Bruce, it's true that we are (were?) starved for new articles. But remember also that a lot of us have grown up since we last read your series, and I hope we have also become a little more discerning. I was 15 when I read Episode 35, and 27 when I read 36; to be honest I would have expected it to be a disappointment due to self-overhyping and rose-tinted spectacles. But it turned out to exceed all my expectations.

OK, I'll concede that one gracefully!

By the way, in case you didn't get my cryptic post above, the gist is that I have remade all the original Mystara hex symbols, as well as a large proportion of the original maps. I agree that it takes a long time to make a good map, but thanks to the programs available nowadays the tools are available to us.
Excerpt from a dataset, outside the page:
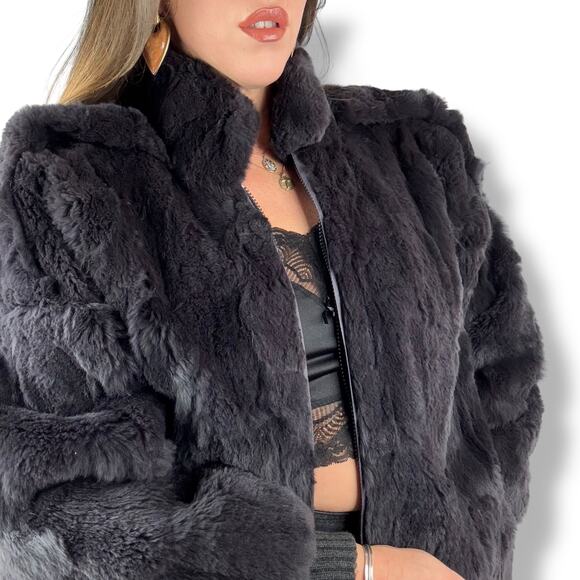 Vintage Jackets & Blazers - 1980's batwing black Rex rabbit fur coat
Cool! I would like to get a copy of these symbols. Of course I'm not sure if I'll be able to use them. My command of Photoshop (?) is at best limited. I have a copy but found it user-unfriendly. For a good laugh: I completed a board game prototype a few years back and got so frustrated with Photoshop I ended up moving everything to... MS Paint! The boardgame looked good but the files would be worthless to a publisher.

Haldemar = He could be either Kirk or Picard, really.
Leo = Seems much more Scotty than Geordi
Talasar = Here's a tough one, IIRC, he's the First Officer, but he seems more like Bones than Spock or Riker.
Xerdon = Riker? Chekhov? Worf?
Ashari = Wesley Crusher?

I wasn't quite so literal about the above. I alluded to the general concept of a ship and its crew having regular adventures in uncharted lands. Obviously the PA crew has no direct relation to Star Trek.

I loved the new instalment Bruce! What can we do to convince Paizo to make this something that is a more frequent series than 1 instalment per 13 years?

I'll talk to Erik Mona. Can't promise anything -- this is a very long shot.

Maybe I can. I draw my maps by using a combination of Hexmapper (for the basic hexes layout) and MS Paint (for the details, such as roads, rivers, coastlines, and names).
I do not use really good Thorf's hexes (the list I use is available here: ;just substitute with this folder the "Hexes" folder of the Hexmapper), but I think it should be quite easy to convert them in .bmp files (that can be accepted as new terrain hexes by the Hexmapper). (etc...)

Thanks for all the info on mapping. This is all very interesting. I wish I'd had all that stuff available to me when I wrote the original episodes of the Princess Ark. I used to draw these maps directly on paper, with a separate layer for text. Somewhere in the process, I made copies of these maps and started taping them together into an ever-expanding patchwork. It looked pretty silly and cumbersome.

I must admit I enjoyed the exercise of converting bits of these featureless continental maps into small-scale hex maps for the adventures -- all the while wondering what manner of creatures might be living there. Usually, the first version of the map ended up being scrapped as a result of putting together the adventure. I remember my wife walking away, shaking her head and rolling her eyes when I told her I had to redraft the map... oh, somewhere around 3:30 am on deadline day. She just could not understand that part.

Q: Bruce, I admire your work with Mystara, especially the Savage Coast, where you created an entire sub-setting to go along with the Known World. I like how it had its own themes (e.g. the Red Curse and swashbuckling) but was neatly woven into the wider Mystara continuity. I also like how you stuck to the Known World model with tiny countries based on a kaleidoscope of real world cultures. Did you ever entertain thoughts about making another sub-setting on Mystara?

A: Not within the scope of the Princess Ark. By the time the PA series ended, the Mystara line had gone over to a different design group focused on the AD&D game. The passion just wasn't there. It pretty much ended any long term planning for this product line. By then TSR's finances also were at their worst which didn't help. If the PA series had continued, either Northwestern Davania would have become the next area of focus, or inland areas north of the Savage Coast.